Open-Source 3D Graphics Design: Where to Begin - sf_tony
http://media.bemyapp.com/guide-open-source-3d-graphics-design/?utm_source=bma&utm_medium=ycombin&utm_content=&utm_campaign=media
======
nothis
>If you’re sensing we don’t recommend Gimp very highly, we don’t. Gimp’s
downside is difficult to discuss tactfully. Gimp suffers from forever living
in the shadow of Photoshop. Gimp’s development is also closely tied to both
Richard Stallman’s GNU values and the GTK+ widget toolkit. For the final time,
your humble author will quit trying to rewrite this paragraph to explain
what’s wrong with Gimp, and just scream “POLITICS!” and then run away. You
figure it out.

Heh. Whenever you ask someone who doesn't work with image editors
_professionally_ (that doesn't mean "use it quite often", it means, having
real-world deadlines depend on productivity), they'll point out how many
"features" Gimp shares with Photoshop. But features don't mean shit. The
interface is a bulky mess. Tons of "little" things don't quite work as
expected. And then, when it comes to the truly heavy-weight features, of
course Gimp doesn't compare.

Out of curiosity, I tried installing Gimp to see how much has changed (for the
better?) since I last checked it out. The tool interface doesn't quite fit
into its window by default so you have a tiny little scrollbar at the bottom
that you have to scroll to see the full text.

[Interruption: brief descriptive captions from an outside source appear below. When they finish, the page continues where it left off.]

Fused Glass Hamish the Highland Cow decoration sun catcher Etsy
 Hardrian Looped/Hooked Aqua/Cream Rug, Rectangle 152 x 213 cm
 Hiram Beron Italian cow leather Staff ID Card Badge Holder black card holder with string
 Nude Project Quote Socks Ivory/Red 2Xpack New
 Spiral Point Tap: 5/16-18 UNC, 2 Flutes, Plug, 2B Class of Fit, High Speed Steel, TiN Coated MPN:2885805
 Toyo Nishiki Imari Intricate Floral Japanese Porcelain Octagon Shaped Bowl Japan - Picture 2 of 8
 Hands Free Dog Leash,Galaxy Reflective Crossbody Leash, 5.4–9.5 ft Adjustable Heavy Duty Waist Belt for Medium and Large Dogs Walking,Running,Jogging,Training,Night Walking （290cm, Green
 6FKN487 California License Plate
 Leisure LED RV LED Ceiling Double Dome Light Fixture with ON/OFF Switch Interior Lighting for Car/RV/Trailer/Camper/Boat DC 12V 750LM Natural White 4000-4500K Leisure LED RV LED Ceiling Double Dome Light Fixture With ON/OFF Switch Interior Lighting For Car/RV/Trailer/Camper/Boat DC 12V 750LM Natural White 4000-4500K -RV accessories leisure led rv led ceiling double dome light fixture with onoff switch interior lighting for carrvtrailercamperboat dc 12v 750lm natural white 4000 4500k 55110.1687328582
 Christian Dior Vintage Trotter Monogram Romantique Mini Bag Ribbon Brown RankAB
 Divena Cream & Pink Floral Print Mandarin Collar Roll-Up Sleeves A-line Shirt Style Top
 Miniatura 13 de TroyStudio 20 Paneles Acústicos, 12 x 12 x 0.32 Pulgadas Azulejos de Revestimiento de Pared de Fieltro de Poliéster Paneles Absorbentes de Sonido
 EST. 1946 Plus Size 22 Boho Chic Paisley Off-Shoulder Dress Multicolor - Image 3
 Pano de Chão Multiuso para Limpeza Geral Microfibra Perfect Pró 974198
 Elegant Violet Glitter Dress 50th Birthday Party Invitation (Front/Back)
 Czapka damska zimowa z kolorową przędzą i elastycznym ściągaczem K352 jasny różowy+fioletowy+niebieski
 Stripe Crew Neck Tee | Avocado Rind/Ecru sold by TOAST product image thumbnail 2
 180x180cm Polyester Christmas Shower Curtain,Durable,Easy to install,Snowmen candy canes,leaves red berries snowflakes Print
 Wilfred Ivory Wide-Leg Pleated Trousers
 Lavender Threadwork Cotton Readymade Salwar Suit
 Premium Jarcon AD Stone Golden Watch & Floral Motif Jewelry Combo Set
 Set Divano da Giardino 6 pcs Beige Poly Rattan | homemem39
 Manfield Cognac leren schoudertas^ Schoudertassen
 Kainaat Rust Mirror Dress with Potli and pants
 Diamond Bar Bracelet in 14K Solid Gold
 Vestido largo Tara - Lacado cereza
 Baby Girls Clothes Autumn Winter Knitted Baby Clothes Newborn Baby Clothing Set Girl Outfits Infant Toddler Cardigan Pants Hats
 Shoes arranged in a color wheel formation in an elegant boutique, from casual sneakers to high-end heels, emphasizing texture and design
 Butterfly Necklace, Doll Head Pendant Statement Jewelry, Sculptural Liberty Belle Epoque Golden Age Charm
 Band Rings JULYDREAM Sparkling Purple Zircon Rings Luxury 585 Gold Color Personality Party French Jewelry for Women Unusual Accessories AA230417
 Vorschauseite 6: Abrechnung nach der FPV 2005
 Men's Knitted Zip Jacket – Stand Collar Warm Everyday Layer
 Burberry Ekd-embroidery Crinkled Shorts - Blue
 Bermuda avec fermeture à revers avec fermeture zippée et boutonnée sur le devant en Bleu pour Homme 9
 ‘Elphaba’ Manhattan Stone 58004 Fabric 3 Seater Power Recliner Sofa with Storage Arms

I resized it. After popping out
a submenu, it once again didn't fit.

Free/open software projects are so idealistic, I kinda want to support it. But
it's so rare that anybody in these communities gets interface design. It's not
unheard of (Firefox is a positive example in my book) but it's rare.
Photoshop's main advantage is it's clean interface: [http://f64academy.com/wp-
content/uploads/2013/06/The-Interfa...](http://f64academy.com/wp-
content/uploads/2013/06/The-Interface.jpg)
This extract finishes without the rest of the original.